REVIEW - DECEIVING THE PROTECTOR

Author: Dee Tenorio
Pages: 239 pages
Publisher: Carina Press
Published: August 15th, 2011
Form: E-Book (review copy through NetGalley)
Series: The Resurrection Series #2
Carina Press: Buy $5.39

Lia does not want to be found, she doesn't want to be noticed, she want to be left alone to stay as alone as she is possible, but two things stand in the way of that, one a masked in black government designed shifter soldier who is her homicidal shadow linked to her with fear and violence, two Tate Jensen a wolf shifter like her who is sent to protect her and bring her into a shifter safe house.

Every chance she gets she lies to keep him safe, she lies to try and drive him away but the man is resilient, talking to her until she's blue in the face and her guards crack little by little - which will be the end for Tate as her shadow of death is convinced she's his and Tate stepping on his territory sends him to a rage.

Tate on the other hand only sees a scrawny, starving young woman who reveals nothing and lies through her teeth to keep him literally at arm’s length. It doesn't take too long to figure out something is wrong, she has bruises and something is shadowing them, someone even his shifter senses can't pick up, someone who has Lia incapacitated with fear. But as much as she ducks away from him and scowls, she grows on him, even if it wasn't his mission to protect her he'd still do it because what he begins to feel is the real her and having all of her.

The one thing they truly shouldn't do if they wish to survive is fall for each other.

Fan Art by me
This book is amazing! Even without having read the first book I slipped into this story immediately, got hooked immediately! Lia is truly burned and tortured character but still strong everything that has happened to her hasn't broken her - Tate wonderfully charming but just as damaged emotionally, wearing masks to cover any real emotions and watching him coax Lia to open up is wonderful to read, as is watching her fight against his charm with a snarky attitude and silent treatment. He literally talks until she's blue in the face and snaps at him!

Deceiving the Protector is addictive, you literally can't wait to be finished and at the same time really don't want to finish but... thank god there is a third book coming!

For all Paranormal Romance fans, this series is a must read! Get it you won't be sorry!

Don't miss the Trailer and Excerpt below!

Rating :





From p. 13 in first Chapter - Lia and Tate meet for the first time...

  Crouched on one thick upper limb, nearly hidden by fat, healthy foliage, a woman waited, not even breathing. Green eyes watched him, almost the same color as the light-speckled leaves obscuring her face.

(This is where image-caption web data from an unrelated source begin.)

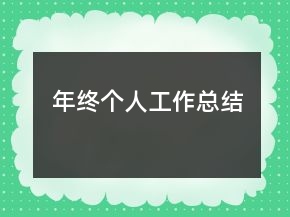 年終個人工作總結(jié)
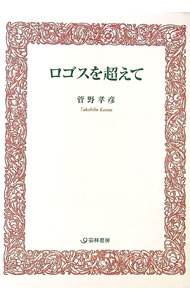 &nbsp;&nbsp;&nbsp; ロゴスを超えて の詳細 出版社: 芸林書房 レーベル: 作者: 菅野孝彦 カナ: ロゴスヲコエテ / カンノタカヒコ サイズ: 単行本 関連商品リンク : 菅野孝彦 芸林書房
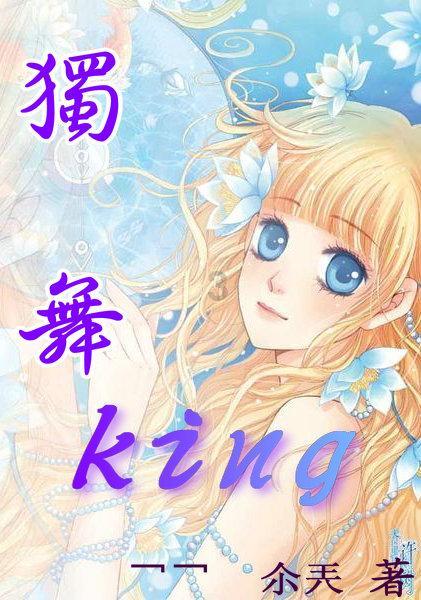 婴儿和孕妇手指被割断伤势严重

Focused. Unblinking. A predator’s stare, waiting for him to walk into her trap.
  Attraction kicked Tate in the gut hard, his body responding to that even glare so fast he just stopped himself from sucking a breath in through his teeth. Difficult not to like a woman smart enough to nearly get the jump on him.
  He came closer, keeping his posture relaxed. Loose-limbed. Unthreatening. A human would probably think he was just strolling, but the woman in the tree wasn’t human. She had to have scented what he was as well because she didn’t seem to be lowering her guard. Had yet to blink even. Cautious.
  That was fair. In this day and age, a female alone had to be paranoid to survive, period. But her guard seemed a little higher than most, the grip of her fingers on the tree strung extra tight, especially for a shifter with sheathed claws. As if taking the wrong step might turn her from cornered to kamikaze. He stopped moving, taking stock of her once more from this closer position.
  Full pink lips that reminded him of lush roses were drawn into an implacable line. Seemed wrong, to see a mouth that inviting pulled into such a stark, emotionless shape. A thick sheaf of wheat-colored hair hung over one shoulder in a fat braid, the tail of which curled around the pleasant hint of a breast. Inexplicably for early August, a dark red winter scarf –looped loosely a few times around her neck—obscured those possible curves more than the fluttering leaves. A smudge of dust smeared one flushed cheek while thick bangs, unevenly cut and wet with sweat, put the bits of her face that he could see into that tiniest bit more shadow. Except for those eyes. They glowed—rebellious, apprehensive, ready for an attack.
  Did she have as many knives on her body as he did? The look she was giving him had him guessing she might be packing more. And a few more teeth, too.
  The kick in his gut turned into a battering ram.
  Screw his assigned agenda, this had just gotten interesting. He bit back the smile that tugged his lips. He already knew it wouldn’t help him lure her closer. The instinctive pleasure of a chasing Wolf never gave the prey much comfort.
  “Hello up there,” he said, still a few feet from the foot of the tree, looking at her from under the brim of his hat. His heel made a scuffing sound on the ground as he kicked a pebble out from under his boot.
  Her lip moved, just as a soft, feminine snarl rumbled from her throat.
  “You wouldn’t be planning to take those apples without paying for them, now, would you?” His aw-shucks voice had gotten him in with the most nervous strays in Resurrection like a magic wand. If she wasn’t feral, she should calm right down.
  Another step closer and he could see a bit more of her. Her shirt was bigger on her than he’d first thought. Her arm where she braced herself to the trunk of the tree was wiry. Small, over-defined muscles rippled under golden skin, no trace of softness to them at all. The same to her throat. She was all hard angles and sinews. Her bones stood out too far from her flesh, hollowed cheeks leaving her full features sharp and forbidding.
  The absolute wrongness of that had him forgetting his plan for a crucial half second and losing his practiced expression for one that did nothing to hide his scowl. Like a shot, she bolted up a branch, behind more leaves, so fast he almost missed the movement, and he swallowed a bitter curse at his own stupidity. This wasn’t his first stray. He knew better than to spook them, especially the half-starved ones.
  As shifters, they were stronger than humans, could survive harsher conditions for longer, but it also made them more instinctive. A hell of a lot less reasonable. This one looked like she’d gone damn close to the outside of what even a shifter could endure.
  The protector in him couldn’t let that go. He circled around until he could get a bead on her again through the coverage. “How long has it been since you ate?”
  They were supposed to have fed her at the last safe house on the Underground, but that would have been at least two days ago.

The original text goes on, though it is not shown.